Task requirements: The task calls for the lines below from the line with "How to sharpen" to the line with "यह DOG🐕 पिछले", both ends included, copied exactly, without any pictures.

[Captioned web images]
Content starts

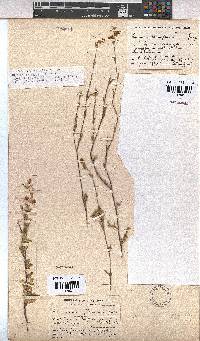 Hermannia flammula image
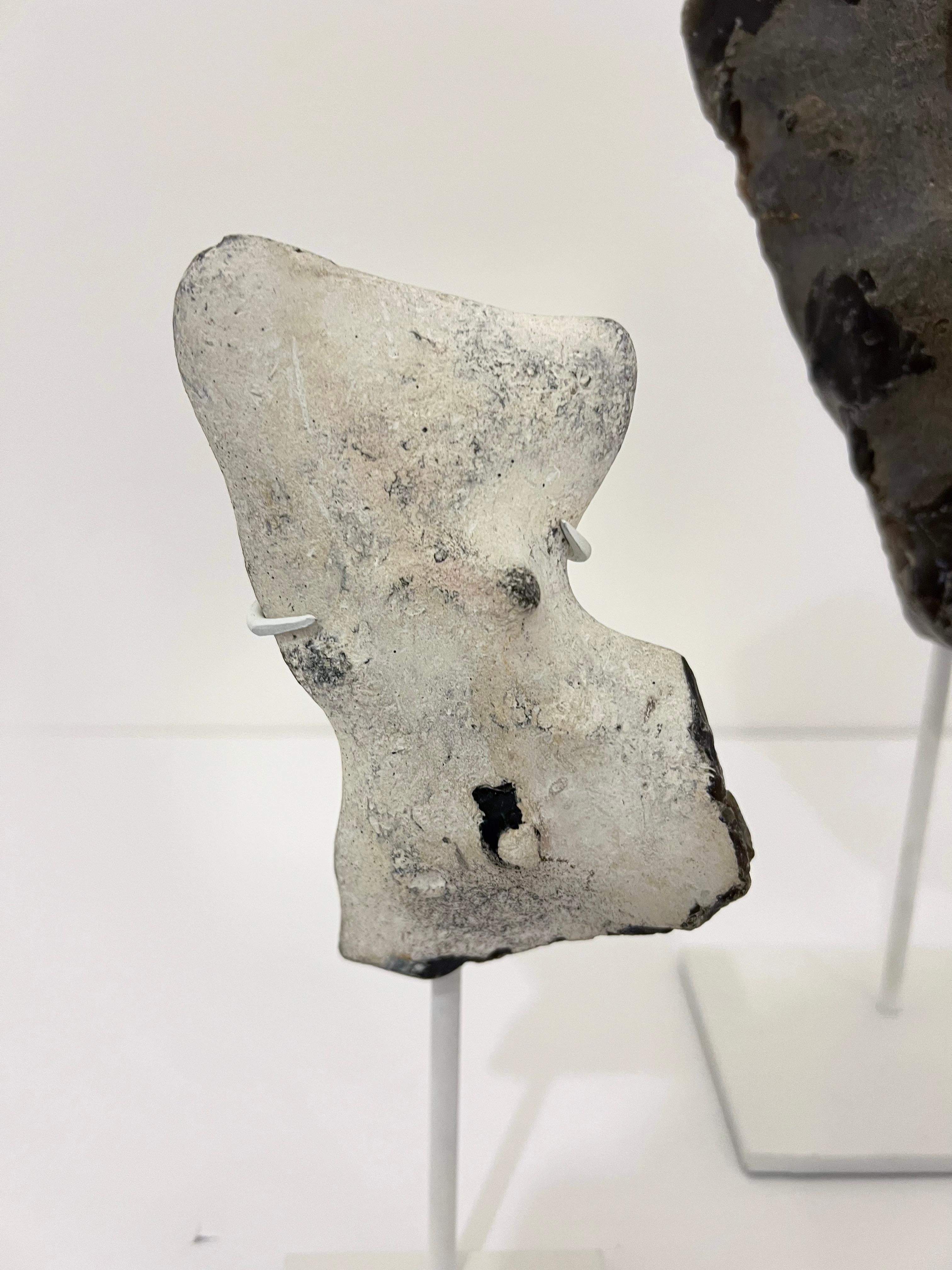 Grupo de Especímenes Montados de Piedra Marina Natural de Dinamarca en venta 4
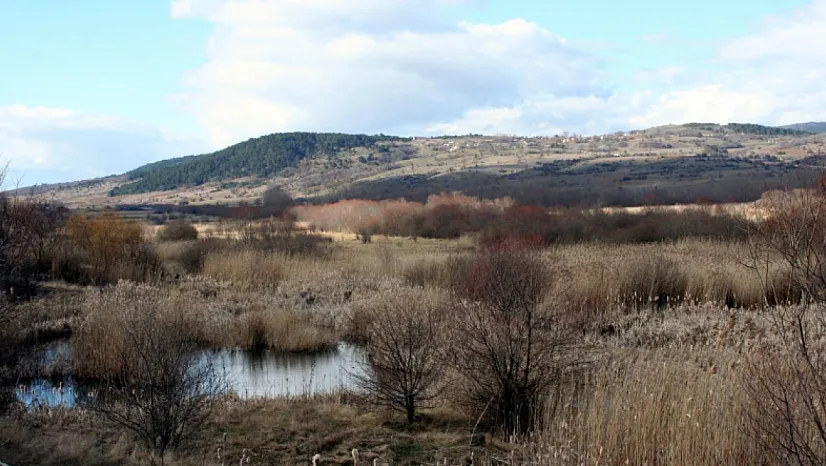 Binlerce Yıllık Karbon Havaya Karışıyor!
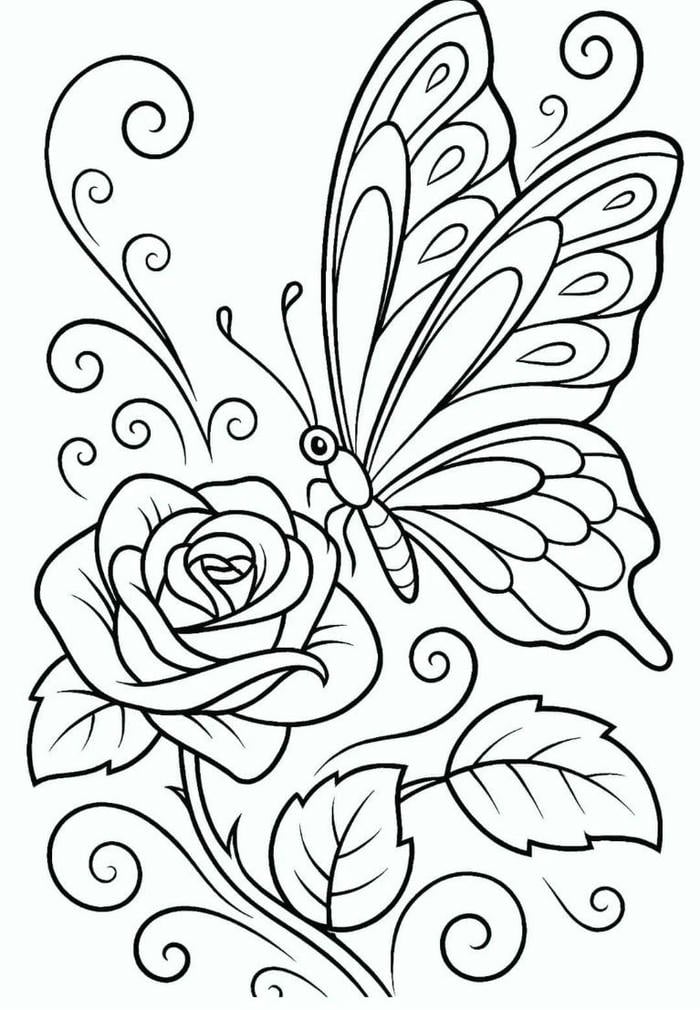 hình ảnh vẽ bướm tô màu cho bé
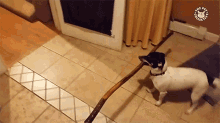 dog stick funny animals cant get through door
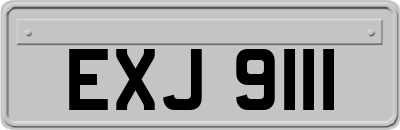 EXJ9111
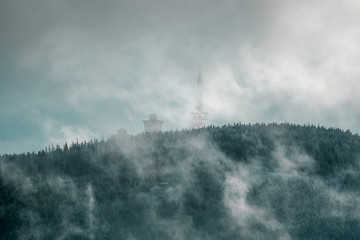 Misty landscape with fir forest in hipster vintage retro style. Forest Harz Mountains, National Park Harz in Germany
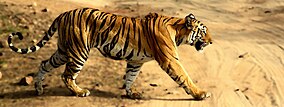 Tigress in Bandhavgarh NP.jpg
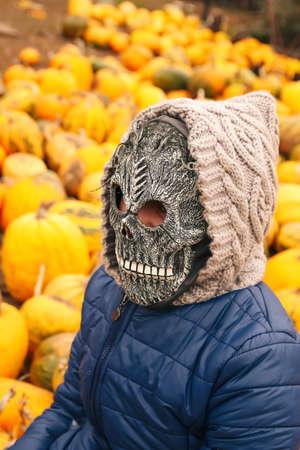 Defocus teen or preteen girl walking on nature background. Little kid girl making bunch of pampas grass. Blurred reed on foreground. Hipster, generation z. Bandana, sunglasses. Autumn, Out of focus.の写真素材
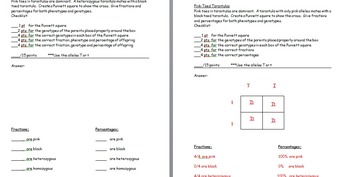 Punnett Square Practice Worksheets with Answer Keys by The Science Lady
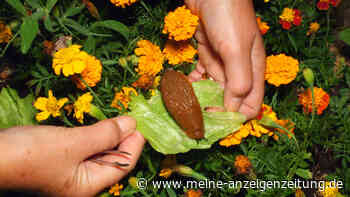 Schnecken bekämpfen: Zehn Maßnahmen, mit denen Sie die Schädlinge dauerhaft loswerden
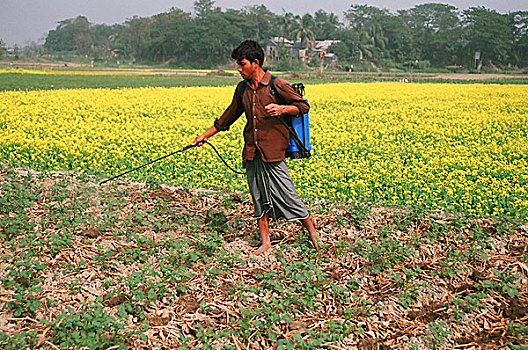 农民,杀虫剂,土豆田,孟加拉,十二月,2007年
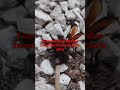 new lavra will grow inside tarantulas body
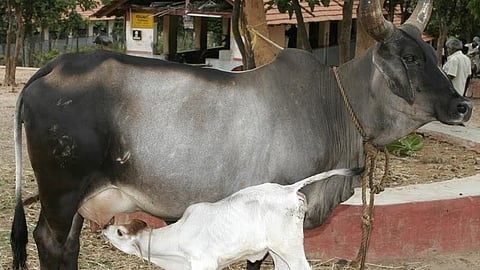 ಸಂಗ್ರಹ ಚಿತ್ರ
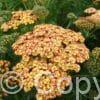 Achillea Tricolor Achillea Tricolor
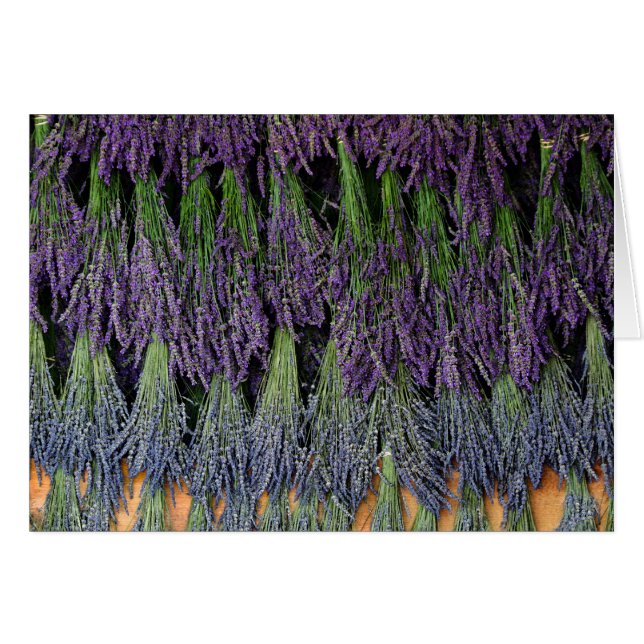 Lavanda en la bandeja de secado (Anverso (Horizontal))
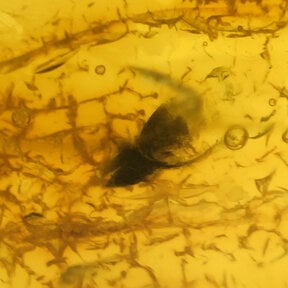 Barnsteen met insluitingen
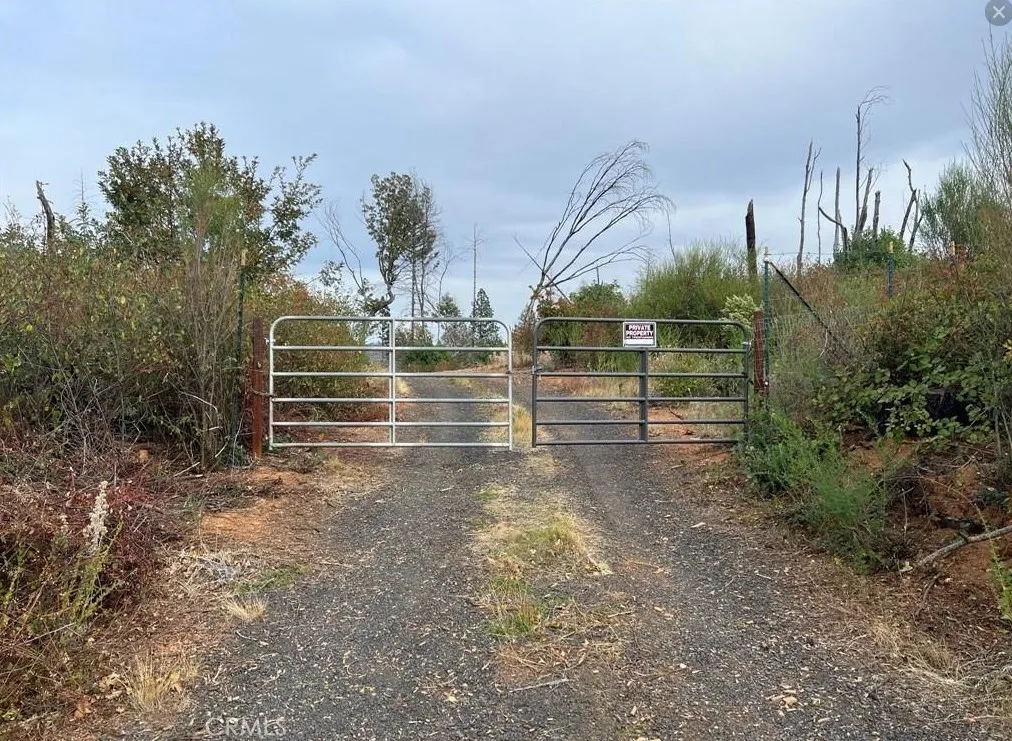 0 Detlow Road Oroville, CA 95965 - Photo 5 of 9 a view of a field with trees in the background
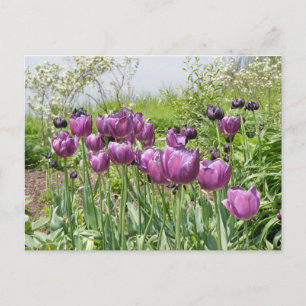 CARTE POSTALE TULIPES VIOLETTES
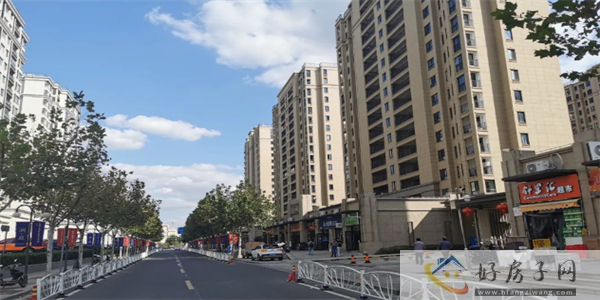 2023上海第二轮宅地土拍下半场即将起拍！上海云湖壹号值得购买吗？            </h1>(图5)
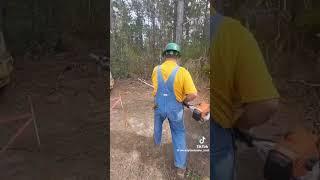 How to sharpen your saw quickly #kelly #cuttingedgelogging #bluecollar #chainsawman #chainsaw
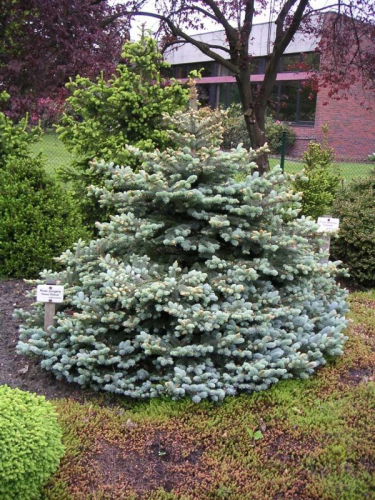 Ель колючая (Picea pungens Glauca Globosa (syn. Globosa) C6 30-40 )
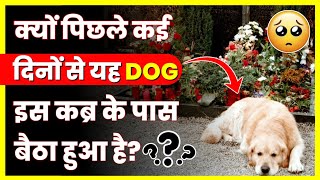 यह DOG🐕 पिछले कई दिनों से एक कब्र के पास जमकर बैठा हुआ है 😢 - कारण जानकर हैरान है दुनिया 🤯 / #shorts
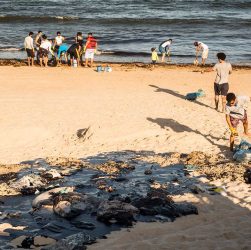 O Conselho Pastoral dos Pescadores é uma pastoral social ligada a Comissão Episcopal Pastoral para a Ação Social Transformadora da Conferência Nacional dos Bispos do Brasil (CNBB), está presente em 13 estados e atua há mais de 50 anos junto aos pescadores e pescadoras artesanais, colaborando com os processos de promoção e transformação das estruturas geradoras de injustiça para as comunidades pesqueiras.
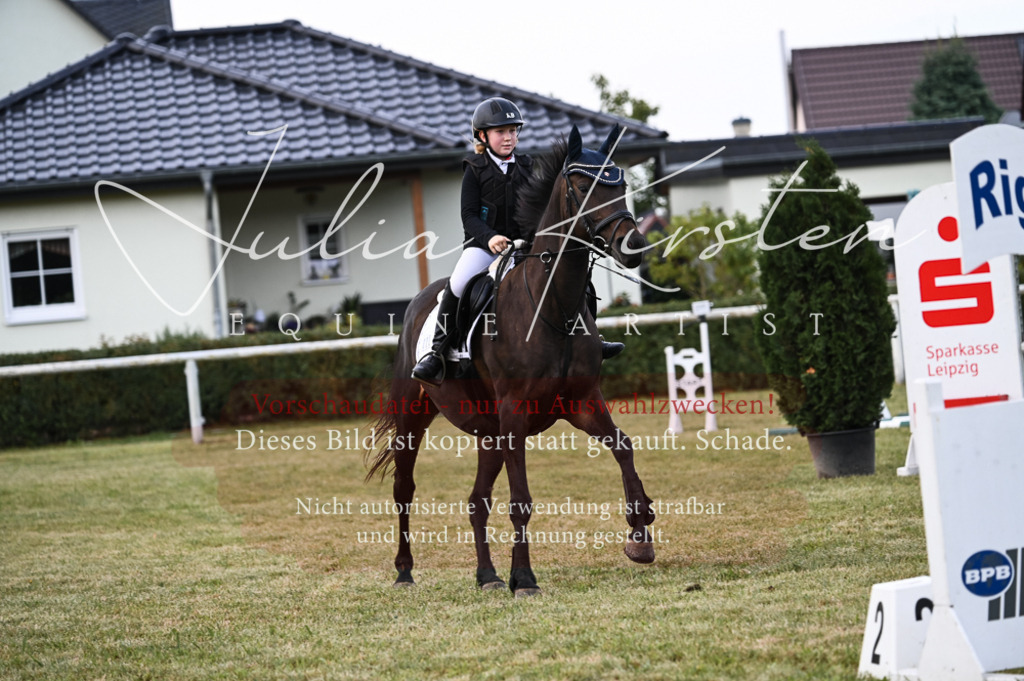 DSC_5573 | Pferde- und Turnierfotografie in Westsachsen. Pferdeportraits, Auftragszeichnungen und intuitive Kunst.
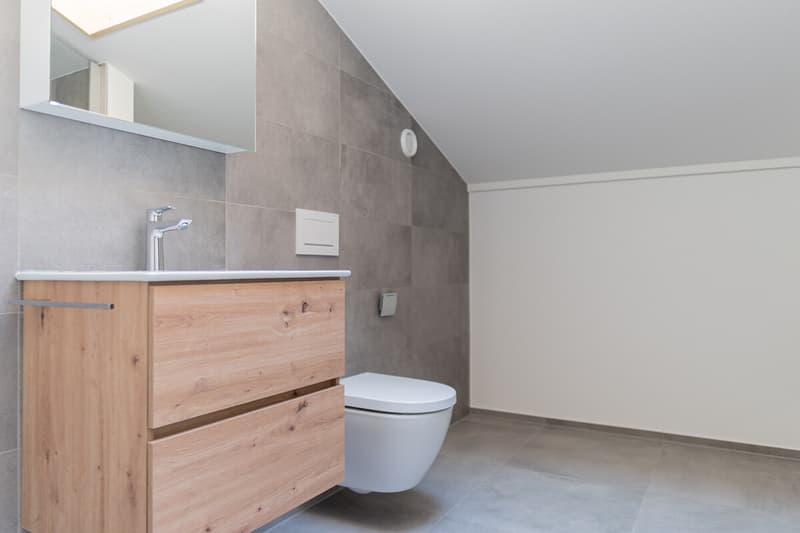 5.5-Zimmerwohnung zur Miete (Erstbezug): Neubau Hasol im Zentrum von B (8)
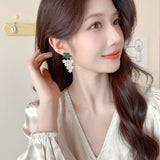 2025 Heavy Industry Personality Creative Fruit Grape Earrings Women's S925 Silver Needle Niche Light Luxury Design  Dinner Earrings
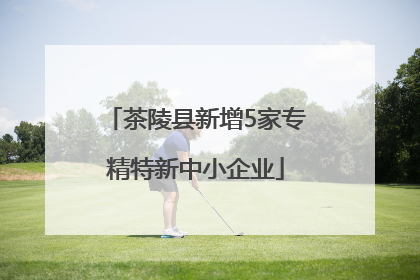 茶陵县新增5家专精特新中小企业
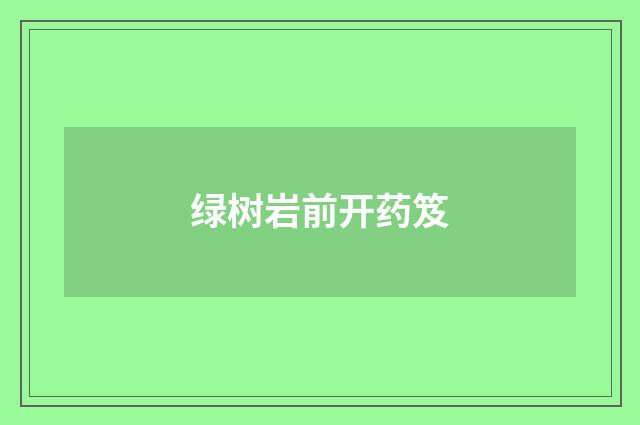 绿树岩前开药笈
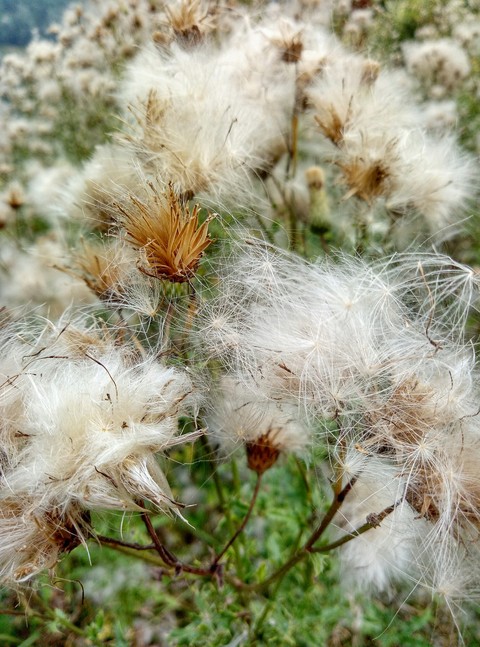 רקעים caryophyllales, flowers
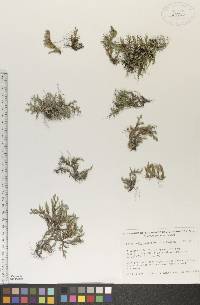 Selaginella rupestris image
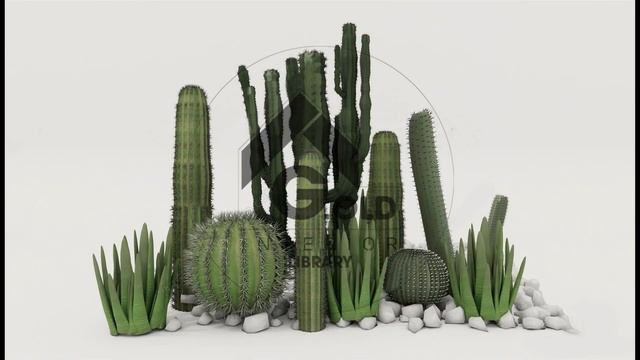 SGS131 - Cactus Plants - Sketchup Library смотреть онлайн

Content ends

Output below:
 How to sharpen your saw quickly #kelly #cuttingedgelogging #bluecollar #chainsawman #chainsaw
 Ель колючая (Picea pungens Glauca Globosa (syn. Globosa) C6 30-40 )
 यह DOG🐕 पिछले कई दिनों से एक कब्र के पास जमकर बैठा हुआ है 😢 - कारण जानकर हैरान है दुनिया 🤯 / #shorts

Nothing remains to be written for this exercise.